Di Ruggero Alcanterini
CESARE BATTISTI – Provate a fare una ricerca sul personaggio storico Cesare Battisti, l’irredentista trentino divenuto elemento catalizzatore del tricolore, simbolo e martire di un terribile conflitto, quello della Prima Guerra Mondiale e in particolare di colui che rivendicava, a rischio della propria vita, l’appartenenza italica di territori compromessi nei confini, ma non nell’anima e avrete fatica a districarvi tra notizie di cronaca nera riguardanti un suo omonimo pluriomicida . Si può dire che lui Cesare, morto giustiziato da Ufficiale Italiano degli Alpini , giornalista di fede socialista, celebrato nostro eroe tal quale Enrico Toti, era stato confinato nella parziale obsolescenza dal caso di omonimia, che vedeva da anni celebrata la latitanza di un altro Cesare Battisti, condannato contumace all’ergastolo, dichiarato colpevole di quattro uccisioni a scopo di rapina. Sono certo che il Battisti criminale, catturato ieri in Colombia, non mancherà di far parlare ancora di se, ma penso che comunque, allo tsunami mediatico enfatizzato, anche per le ragioni politiche italo brasiliane, alla informazione che inesorabilmente continuerà ad associare il nome di Cesare Battisti ad un esponente della criminalità tristemente emersa dagli anni di piombo, sempre del secolo scorso, vada data compensazione agiografica con una non richiesta, ma importante e doverosa incursione nella storia travagliata del primo Novecento, quando la fulgida figura dell’eroe intellettuale Cesare Battisti, fondatore dell’Avvenire , dell’Avvenire del Lavoratore, di Tridentum e de Il Popolo, si associava a quella di Edmondo De Amicis e Gaetano Salvemini.
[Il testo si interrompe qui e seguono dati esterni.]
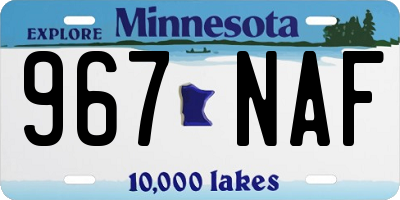 MN license plate 967NAF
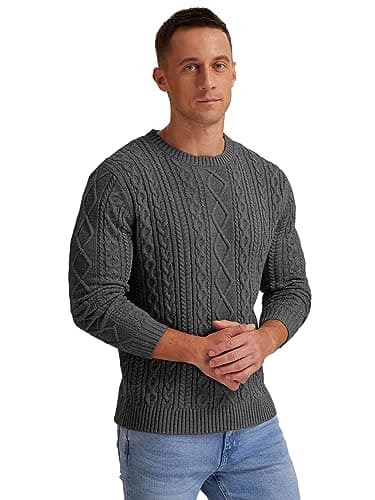 Hisir Men's Cable Knit Jumper, Thick Warm Crew Neck Winter, Dark Grey, XL — view 4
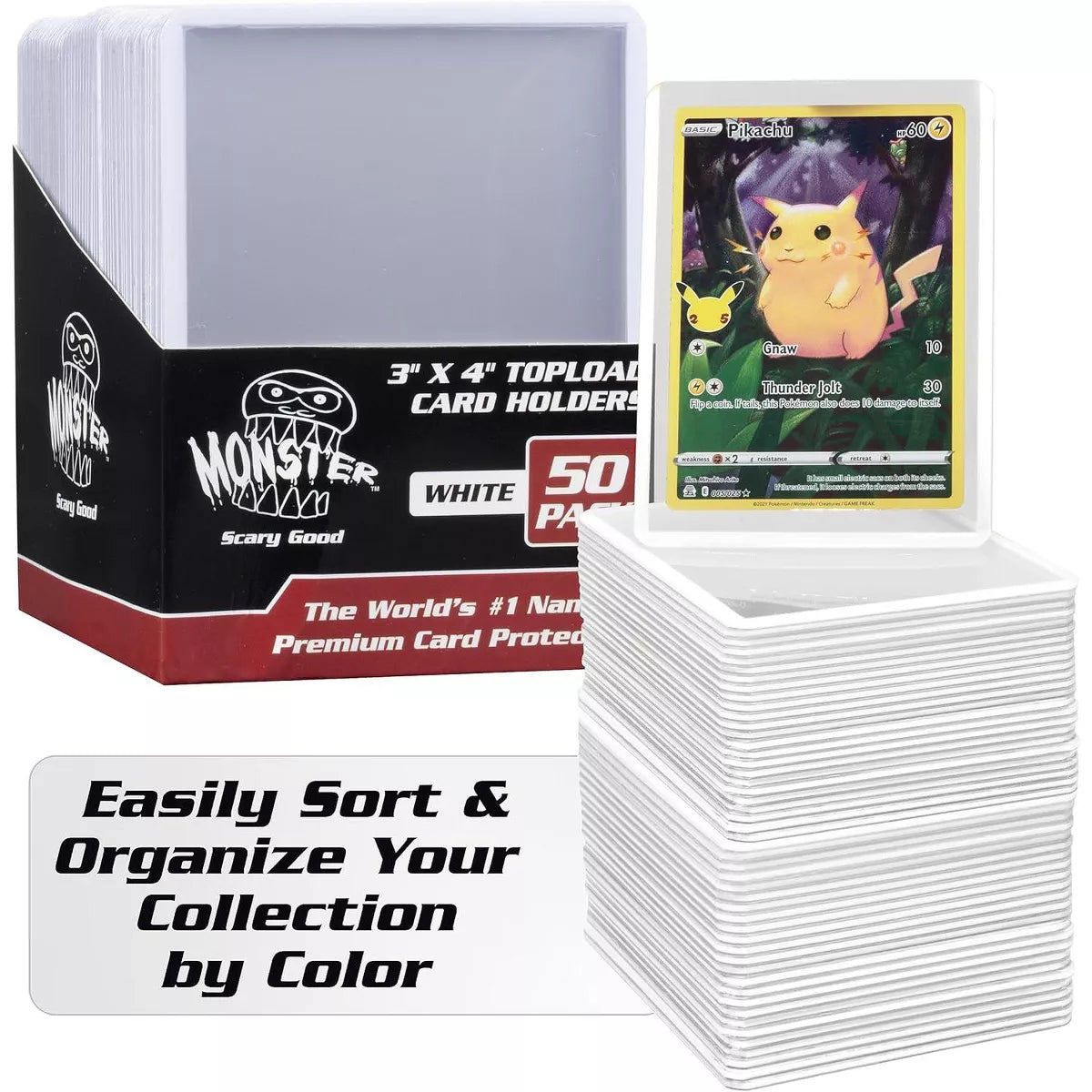 Monster Top Loaders for Collectible Trading Cards - White 50 Count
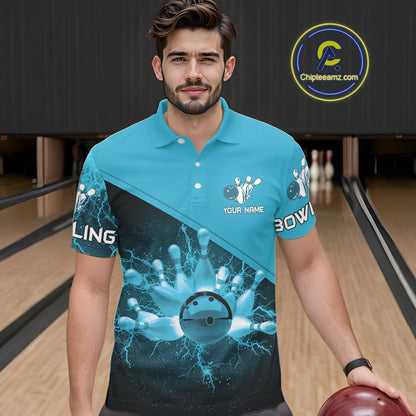 Men bowling polo, 1/4 zip shirts Custom light blue lightning thunder Bowling Team Jersey Bowlers Gift NQS10592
Purtroppo, credo si sia costretti a fare in questo caso, della vera e propria paradossale controinformazione, una azione riparatrice della memoria di colui che il caso o se volete il destino cinico e baro ha trasformato in vittima mediatica di banale omonimia , ma anche di ordinaria indifferenza rispetto ai sacrosanti valori della storia patria.
Cesare Battisti , ricordato ne La canzone del Piave con Nazario Sauro e Guglielmo Oberdan, durante il processo, che lo avrebbe portato alla condanna capitale da parte del tribunale austriaco, fece mettere a verbale : «Ammetto inoltre di aver svolto, sia anteriormente che posteriormente allo scoppio della guerra con l’Italia, in tutti i modi – a voce, in iscritto, con stampati – la più intensa propaganda per la causa d’Italia e per l’annessione a quest’ultima dei territori italiani dell’Austria; ammetto d’essermi arruolato come volontario nell’esercito italiano, di esservi stato nominato sottotenente e tenente, di aver combattuto contro l’Austria e d’essere stato fatto prigioniero con le armi alla mano. In particolare ammetto di avere scritto e dato alle stampe tutti gli articoli di giornale e gli opuscoli inseriti negli atti di questo tribunale al N. 13 ed esibitimi, come pure di aver tenuto i discorsi di propaganda ivi menzionati. Sottolineo che ho agito perseguendo il mio ideale politico legato all’indipendenza delle province italiane dell’Austria e alla loro unione al Regno d’Italia.»